Extracted data entries
==================================================

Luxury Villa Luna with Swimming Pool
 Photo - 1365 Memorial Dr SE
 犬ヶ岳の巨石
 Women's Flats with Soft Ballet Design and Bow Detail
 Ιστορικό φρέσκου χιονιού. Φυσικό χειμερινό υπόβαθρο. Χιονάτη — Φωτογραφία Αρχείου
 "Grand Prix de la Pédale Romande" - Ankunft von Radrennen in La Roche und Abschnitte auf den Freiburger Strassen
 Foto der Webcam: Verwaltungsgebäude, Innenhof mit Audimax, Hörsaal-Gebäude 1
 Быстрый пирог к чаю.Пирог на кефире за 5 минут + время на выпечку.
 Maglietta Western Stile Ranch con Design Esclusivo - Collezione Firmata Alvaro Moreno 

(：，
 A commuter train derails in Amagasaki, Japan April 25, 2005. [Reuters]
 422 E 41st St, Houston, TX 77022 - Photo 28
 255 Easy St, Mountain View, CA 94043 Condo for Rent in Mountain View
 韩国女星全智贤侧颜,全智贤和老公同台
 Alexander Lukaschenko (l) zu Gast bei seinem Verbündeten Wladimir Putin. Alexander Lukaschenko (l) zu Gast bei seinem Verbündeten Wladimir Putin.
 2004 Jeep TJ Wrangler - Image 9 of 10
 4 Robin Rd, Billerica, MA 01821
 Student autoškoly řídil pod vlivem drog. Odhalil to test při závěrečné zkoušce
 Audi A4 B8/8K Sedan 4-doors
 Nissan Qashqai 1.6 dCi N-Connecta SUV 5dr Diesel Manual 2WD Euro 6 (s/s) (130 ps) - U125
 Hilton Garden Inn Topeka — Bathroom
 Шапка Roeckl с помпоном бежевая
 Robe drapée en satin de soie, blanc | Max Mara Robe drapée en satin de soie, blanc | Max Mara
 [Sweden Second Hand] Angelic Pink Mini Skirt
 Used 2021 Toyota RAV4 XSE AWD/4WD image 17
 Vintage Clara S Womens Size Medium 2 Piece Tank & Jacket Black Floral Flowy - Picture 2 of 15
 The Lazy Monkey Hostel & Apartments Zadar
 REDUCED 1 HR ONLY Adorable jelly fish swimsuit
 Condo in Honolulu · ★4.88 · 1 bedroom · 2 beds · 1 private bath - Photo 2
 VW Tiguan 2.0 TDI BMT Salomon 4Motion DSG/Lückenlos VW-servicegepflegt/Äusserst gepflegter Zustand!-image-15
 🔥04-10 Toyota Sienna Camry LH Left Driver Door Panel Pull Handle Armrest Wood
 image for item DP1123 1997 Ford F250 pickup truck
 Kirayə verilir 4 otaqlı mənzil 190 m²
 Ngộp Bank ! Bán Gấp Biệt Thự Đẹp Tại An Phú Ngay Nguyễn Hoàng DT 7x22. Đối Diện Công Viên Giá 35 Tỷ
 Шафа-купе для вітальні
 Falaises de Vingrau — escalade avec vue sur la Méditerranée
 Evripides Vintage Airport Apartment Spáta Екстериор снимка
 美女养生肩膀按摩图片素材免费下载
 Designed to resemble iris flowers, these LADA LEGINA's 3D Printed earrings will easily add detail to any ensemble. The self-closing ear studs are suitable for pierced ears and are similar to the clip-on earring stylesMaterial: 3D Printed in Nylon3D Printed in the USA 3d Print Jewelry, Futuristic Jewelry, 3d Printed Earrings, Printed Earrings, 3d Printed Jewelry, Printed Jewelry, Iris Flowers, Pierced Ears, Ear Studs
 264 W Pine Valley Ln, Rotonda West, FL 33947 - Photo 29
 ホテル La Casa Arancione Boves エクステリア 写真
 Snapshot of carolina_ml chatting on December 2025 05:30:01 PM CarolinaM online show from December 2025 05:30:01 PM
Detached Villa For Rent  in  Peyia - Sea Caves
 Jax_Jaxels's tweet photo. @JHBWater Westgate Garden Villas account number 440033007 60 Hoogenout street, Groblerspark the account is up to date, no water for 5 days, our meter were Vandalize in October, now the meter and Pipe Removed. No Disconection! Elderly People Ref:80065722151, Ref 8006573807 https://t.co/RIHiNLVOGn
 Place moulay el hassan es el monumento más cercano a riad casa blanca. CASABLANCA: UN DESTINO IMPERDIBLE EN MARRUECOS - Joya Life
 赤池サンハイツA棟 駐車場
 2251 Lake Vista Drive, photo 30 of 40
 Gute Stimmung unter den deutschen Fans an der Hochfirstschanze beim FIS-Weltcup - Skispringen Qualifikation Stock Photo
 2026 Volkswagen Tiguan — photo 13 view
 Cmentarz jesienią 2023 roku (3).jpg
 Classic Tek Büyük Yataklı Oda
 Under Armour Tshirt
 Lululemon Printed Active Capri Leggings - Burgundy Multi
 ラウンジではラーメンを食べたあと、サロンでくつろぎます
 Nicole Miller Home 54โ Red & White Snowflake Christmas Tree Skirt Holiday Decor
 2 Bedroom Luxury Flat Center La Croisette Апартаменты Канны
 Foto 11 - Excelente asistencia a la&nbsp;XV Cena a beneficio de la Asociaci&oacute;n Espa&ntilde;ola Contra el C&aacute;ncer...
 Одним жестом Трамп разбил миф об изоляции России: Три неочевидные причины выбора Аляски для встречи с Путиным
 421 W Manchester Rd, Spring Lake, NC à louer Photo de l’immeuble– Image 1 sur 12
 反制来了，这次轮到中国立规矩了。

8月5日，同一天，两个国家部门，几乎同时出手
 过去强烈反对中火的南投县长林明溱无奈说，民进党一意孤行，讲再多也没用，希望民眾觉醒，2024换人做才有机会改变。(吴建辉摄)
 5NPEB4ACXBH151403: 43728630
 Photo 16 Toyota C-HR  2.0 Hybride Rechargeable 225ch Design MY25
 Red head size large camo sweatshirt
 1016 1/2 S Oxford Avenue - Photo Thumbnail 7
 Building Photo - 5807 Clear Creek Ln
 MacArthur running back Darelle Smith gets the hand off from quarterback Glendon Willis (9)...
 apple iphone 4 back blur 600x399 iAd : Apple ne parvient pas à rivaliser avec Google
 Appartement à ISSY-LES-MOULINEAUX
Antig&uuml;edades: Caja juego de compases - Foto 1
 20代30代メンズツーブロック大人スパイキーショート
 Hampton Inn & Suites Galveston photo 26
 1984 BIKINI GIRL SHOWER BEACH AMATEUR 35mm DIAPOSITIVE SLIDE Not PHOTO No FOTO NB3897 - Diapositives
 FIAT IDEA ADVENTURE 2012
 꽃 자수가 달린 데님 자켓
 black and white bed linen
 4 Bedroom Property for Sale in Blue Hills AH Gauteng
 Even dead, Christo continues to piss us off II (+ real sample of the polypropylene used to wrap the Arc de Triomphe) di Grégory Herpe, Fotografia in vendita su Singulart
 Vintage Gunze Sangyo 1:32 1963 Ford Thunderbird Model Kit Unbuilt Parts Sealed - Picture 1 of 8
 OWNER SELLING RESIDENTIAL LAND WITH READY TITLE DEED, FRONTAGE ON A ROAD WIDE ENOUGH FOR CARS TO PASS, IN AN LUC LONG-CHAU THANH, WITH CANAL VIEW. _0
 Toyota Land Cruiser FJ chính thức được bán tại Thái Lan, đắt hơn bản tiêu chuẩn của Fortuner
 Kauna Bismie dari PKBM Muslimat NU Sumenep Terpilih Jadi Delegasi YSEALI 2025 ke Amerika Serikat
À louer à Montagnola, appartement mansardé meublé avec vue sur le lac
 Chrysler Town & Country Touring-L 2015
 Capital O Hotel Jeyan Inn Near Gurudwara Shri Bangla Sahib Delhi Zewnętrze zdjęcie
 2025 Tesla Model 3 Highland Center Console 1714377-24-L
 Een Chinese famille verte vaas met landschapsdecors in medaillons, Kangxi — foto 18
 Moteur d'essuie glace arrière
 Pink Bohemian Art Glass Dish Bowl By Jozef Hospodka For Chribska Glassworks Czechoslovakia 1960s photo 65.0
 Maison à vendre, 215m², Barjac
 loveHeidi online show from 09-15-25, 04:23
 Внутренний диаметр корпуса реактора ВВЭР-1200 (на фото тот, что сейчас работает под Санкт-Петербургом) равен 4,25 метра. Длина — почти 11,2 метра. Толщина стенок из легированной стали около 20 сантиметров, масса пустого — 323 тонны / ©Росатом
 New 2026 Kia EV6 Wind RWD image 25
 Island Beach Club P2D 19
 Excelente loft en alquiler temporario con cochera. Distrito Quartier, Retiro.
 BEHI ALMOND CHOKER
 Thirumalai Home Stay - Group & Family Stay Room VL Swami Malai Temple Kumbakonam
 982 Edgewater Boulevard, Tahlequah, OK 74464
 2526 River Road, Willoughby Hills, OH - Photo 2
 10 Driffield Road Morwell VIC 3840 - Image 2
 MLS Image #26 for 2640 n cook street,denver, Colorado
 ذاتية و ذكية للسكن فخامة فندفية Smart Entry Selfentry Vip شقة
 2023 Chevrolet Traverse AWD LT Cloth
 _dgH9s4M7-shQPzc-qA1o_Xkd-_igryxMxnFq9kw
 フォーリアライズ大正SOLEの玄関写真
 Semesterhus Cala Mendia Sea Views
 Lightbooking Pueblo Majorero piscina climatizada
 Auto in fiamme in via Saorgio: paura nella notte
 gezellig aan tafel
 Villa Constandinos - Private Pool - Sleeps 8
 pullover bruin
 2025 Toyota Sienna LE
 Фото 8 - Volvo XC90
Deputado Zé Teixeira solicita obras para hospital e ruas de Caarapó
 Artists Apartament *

==================================================

Exercise details:
The answer is a portion of the data. Write out exactly the line with "Villa Constandinos - Private Pool - Sleeps 8" and all lines after it.

Response to this exercise:
 Villa Constandinos - Private Pool - Sleeps 8
 pullover bruin
 2025 Toyota Sienna LE
 Фото 8 - Volvo XC90
Deputado Zé Teixeira solicita obras para hospital e ruas de Caarapó
 Artists Apartament *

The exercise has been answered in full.